### DATA SUPPLIED
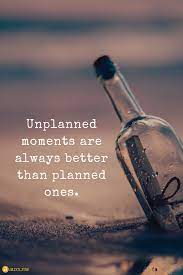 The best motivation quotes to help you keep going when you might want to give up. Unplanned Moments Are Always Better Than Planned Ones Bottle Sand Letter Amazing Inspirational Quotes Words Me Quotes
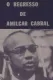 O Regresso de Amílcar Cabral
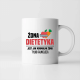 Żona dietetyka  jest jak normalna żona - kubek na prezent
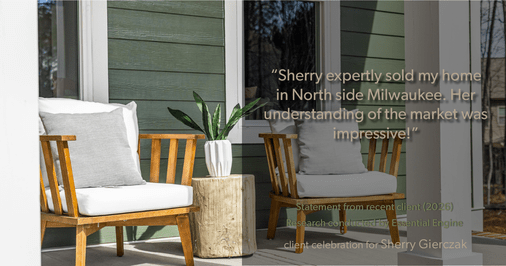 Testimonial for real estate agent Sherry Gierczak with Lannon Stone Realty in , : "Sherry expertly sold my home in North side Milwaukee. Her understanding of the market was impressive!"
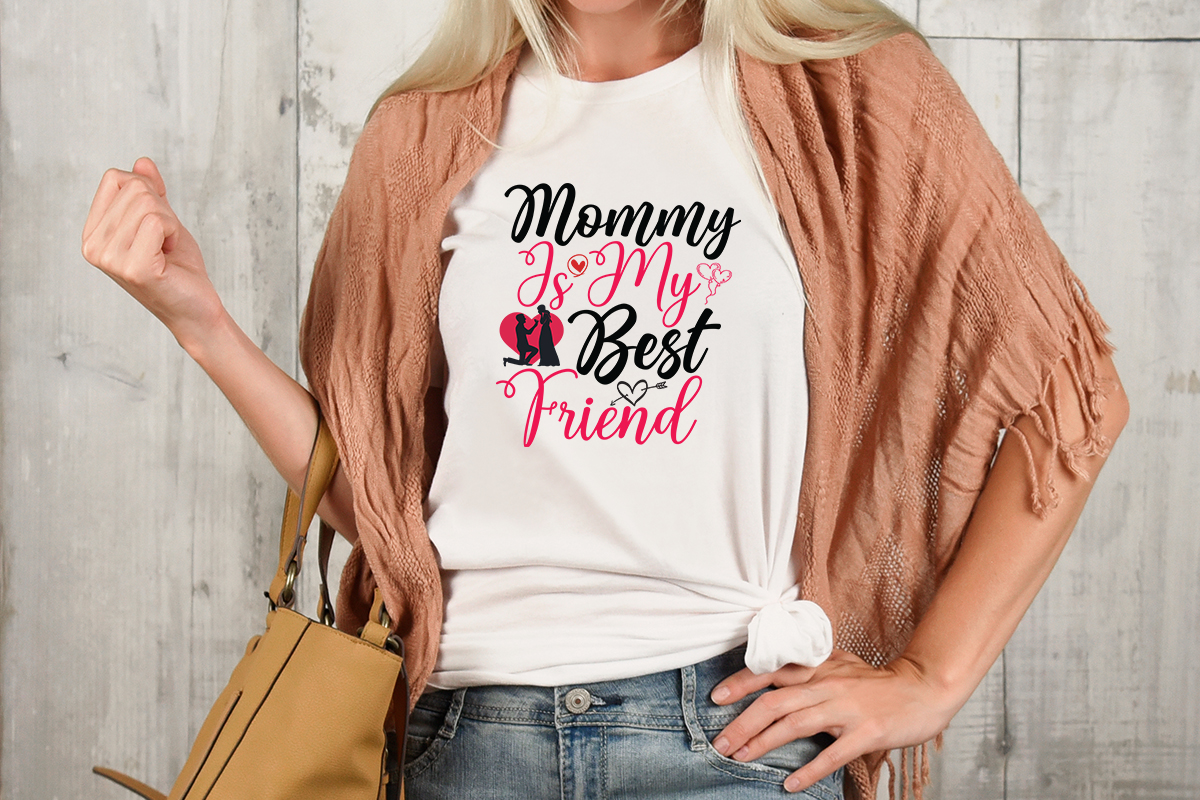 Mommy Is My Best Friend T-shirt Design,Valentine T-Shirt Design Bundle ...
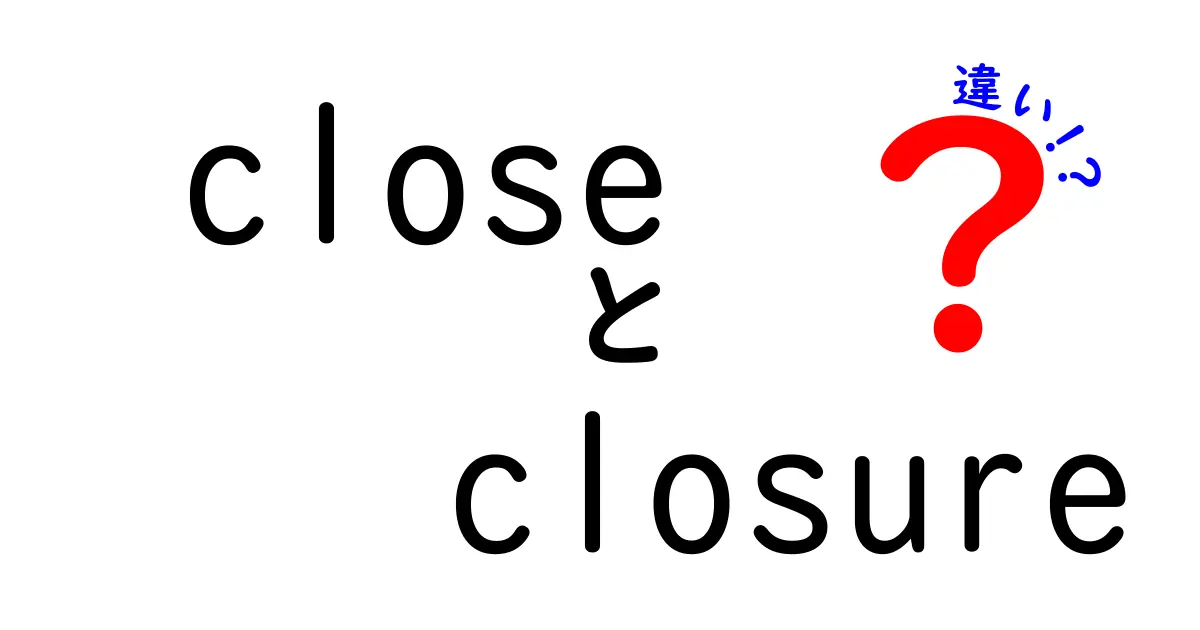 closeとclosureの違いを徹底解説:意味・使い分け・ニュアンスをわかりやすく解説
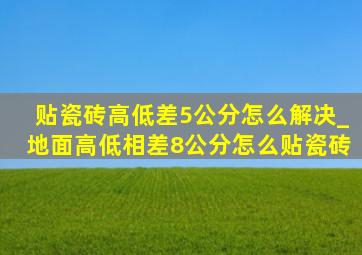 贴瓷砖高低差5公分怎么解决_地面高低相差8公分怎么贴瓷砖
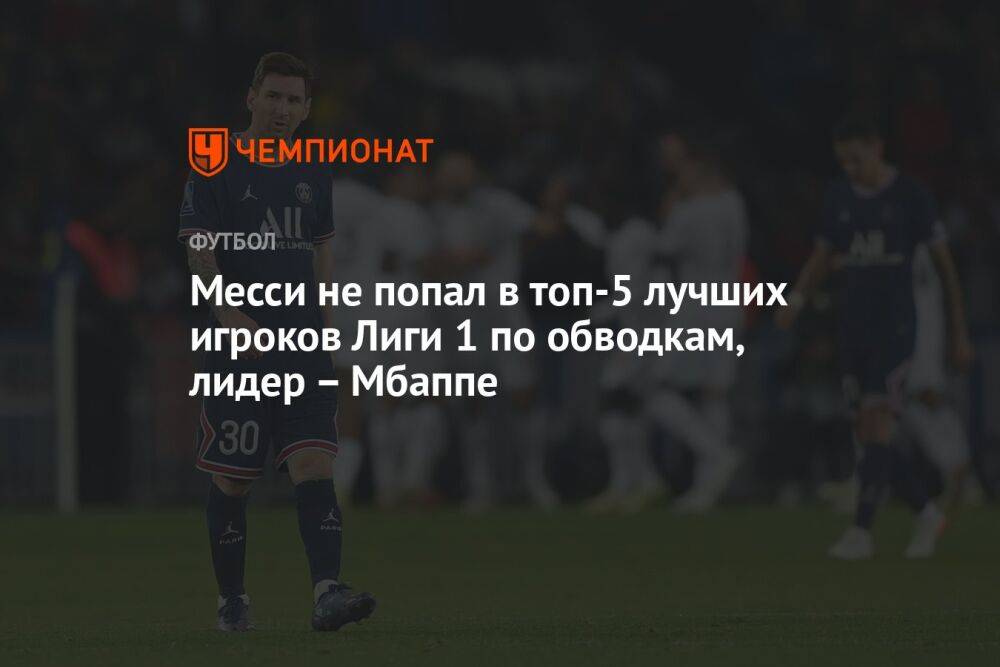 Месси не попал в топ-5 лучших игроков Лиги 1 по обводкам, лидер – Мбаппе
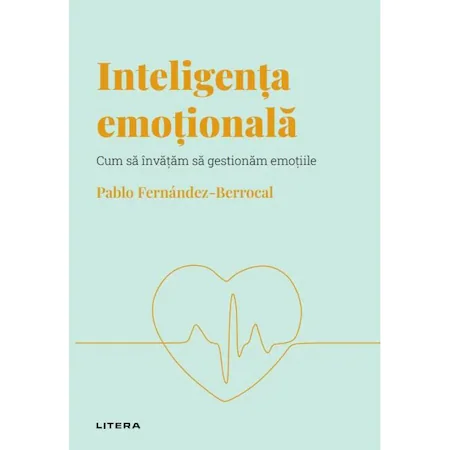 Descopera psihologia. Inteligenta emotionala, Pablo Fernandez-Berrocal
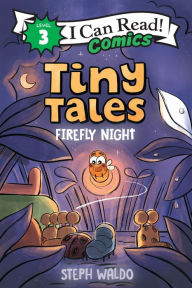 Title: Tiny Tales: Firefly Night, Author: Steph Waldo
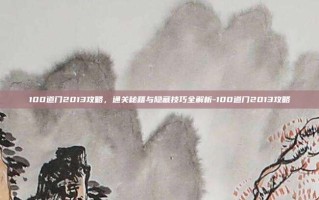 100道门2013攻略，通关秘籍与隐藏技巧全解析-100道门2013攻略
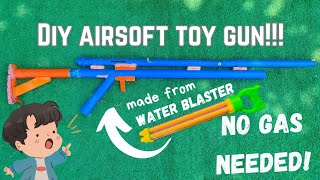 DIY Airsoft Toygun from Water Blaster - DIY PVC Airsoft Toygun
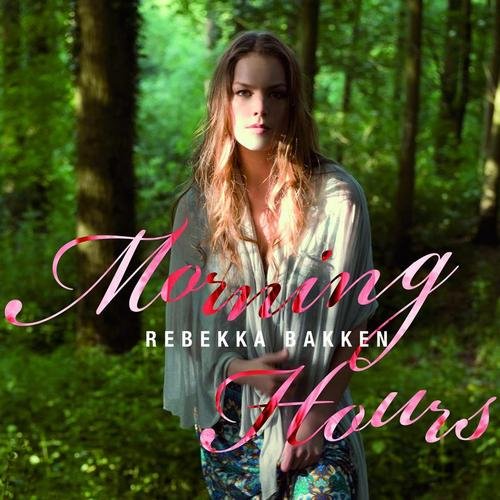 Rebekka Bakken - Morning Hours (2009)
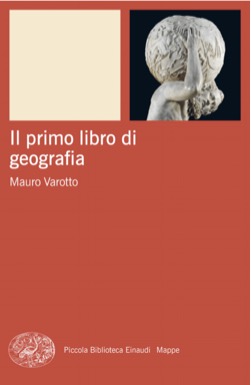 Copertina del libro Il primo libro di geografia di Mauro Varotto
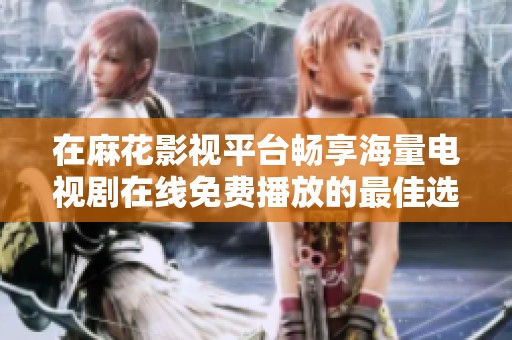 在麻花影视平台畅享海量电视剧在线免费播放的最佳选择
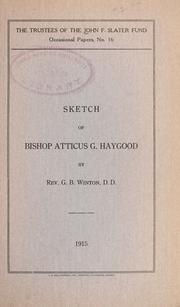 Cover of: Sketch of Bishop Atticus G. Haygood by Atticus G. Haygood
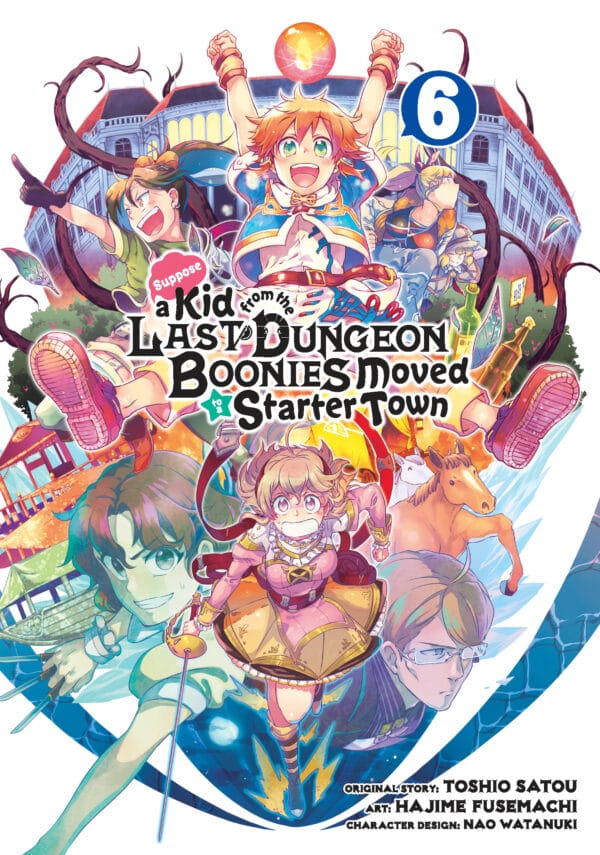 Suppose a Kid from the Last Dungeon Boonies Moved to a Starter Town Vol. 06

### WHAT YOU ARE ASKED TO DO
In the records above, everything from the line with "Title: Tiny Tales: Firefly" down to the line with "在麻花影视平台畅享海量电视剧在线免费播放的最佳选择" is to be set down exactly, both ends included, with no pictures and no other lines.

### TASK OUTPUT
 Title: Tiny Tales: Firefly Night, Author: Steph Waldo
 100道门2013攻略，通关秘籍与隐藏技巧全解析-100道门2013攻略
 DIY Airsoft Toygun from Water Blaster - DIY PVC Airsoft Toygun
 Rebekka Bakken - Morning Hours (2009)
 Copertina del libro Il primo libro di geografia di Mauro Varotto
 在麻花影视平台畅享海量电视剧在线免费播放的最佳选择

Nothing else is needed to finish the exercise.